- **Prompt**
Write out all the entries word for word and omit any pictures.

*** Opening of Given data ***

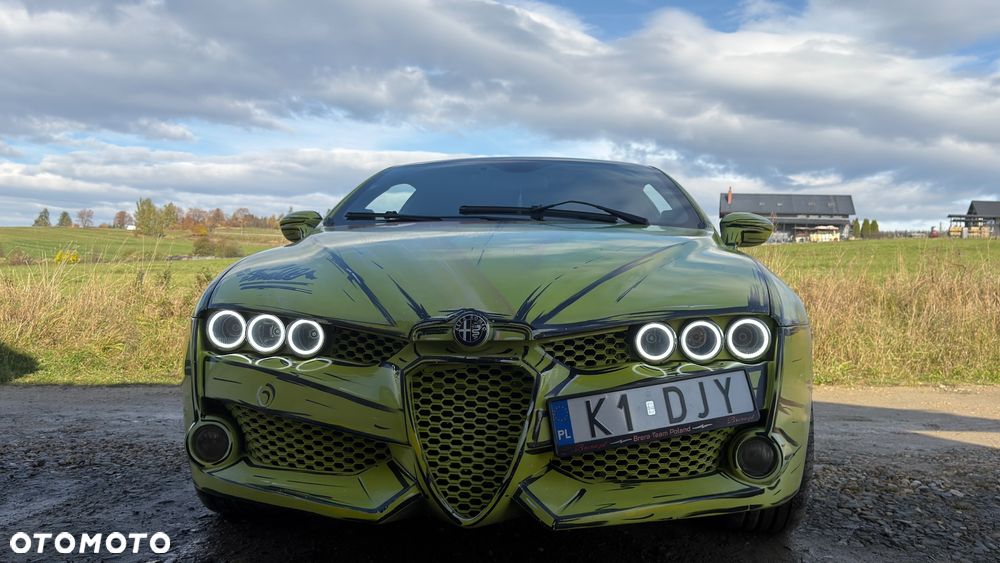 Alfa Romeo Brera 3.2 JTS Q4 Sky View - 2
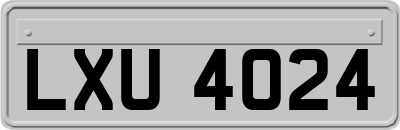 LXU4024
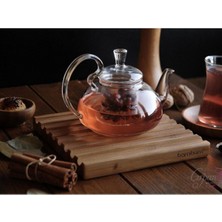 Bambum Jasmine Süzgeçli Demlik 400 ml T1616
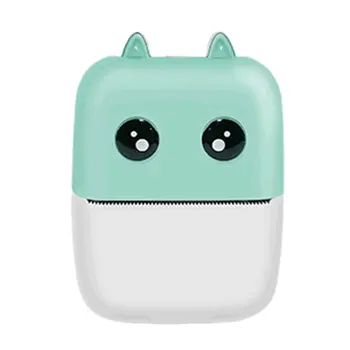 

Lightweight Environmental Protection Materials Instant Photo Printers Usb Charging Connect Smartphone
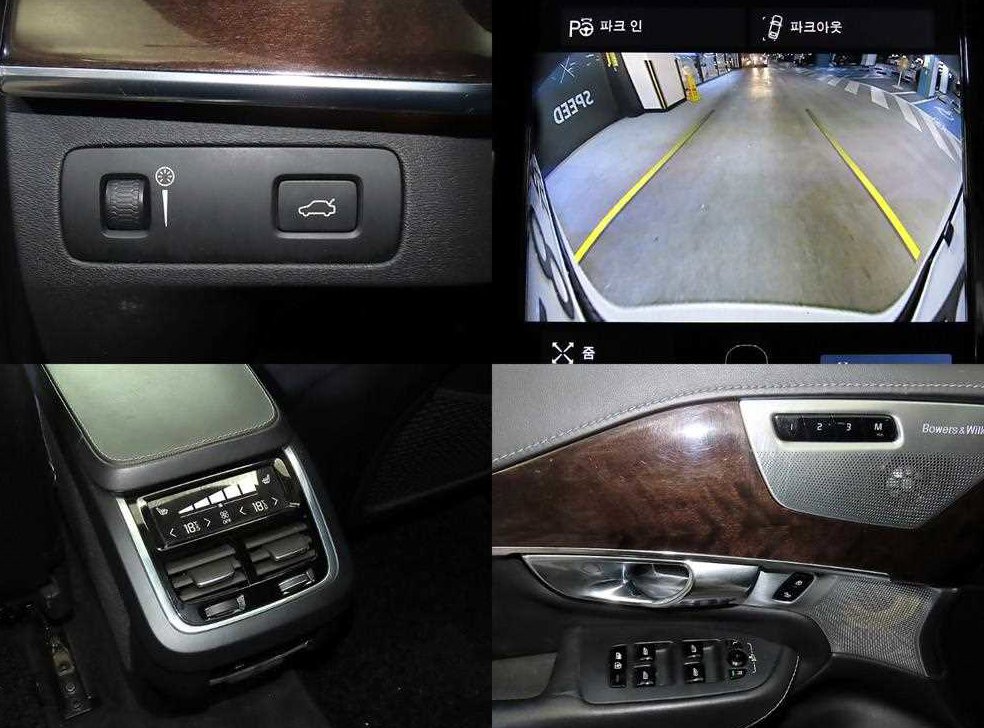 볼보 XC90 2.0 T6 AWD 사진 18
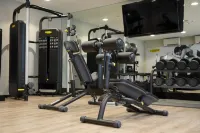 DoubleTree by Hilton Brussels City - Gym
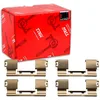 Image de TRW Jeu d'accessoires, garniture de frein à disque PFK650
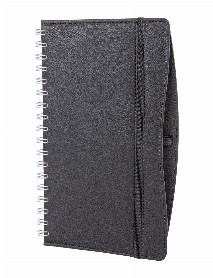 İVEDİK SİYAH SPİRALLİ TARİHLİ AJANDA (17X24 CM) İVEDİK SİYAH SPİRALLİ TARİHLİ AJANDA (17X24 CM)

*** Close of Given data ***

- **Response for this exercise**
 Alfa Romeo Brera 3.2 JTS Q4 Sky View - 2
 LXU4024
 Bambum Jasmine Süzgeçli Demlik 400 ml T1616

Lightweight Environmental Protection Materials Instant Photo Printers Usb Charging Connect Smartphone
 볼보 XC90 2.0 T6 AWD 사진 18
 DoubleTree by Hilton Brussels City - Gym
 Image de TRW Jeu d'accessoires, garniture de frein à disque PFK650
 İVEDİK SİYAH SPİRALLİ TARİHLİ AJANDA (17X24 CM) İVEDİK SİYAH SPİRALLİ TARİHLİ AJANDA (17X24 CM)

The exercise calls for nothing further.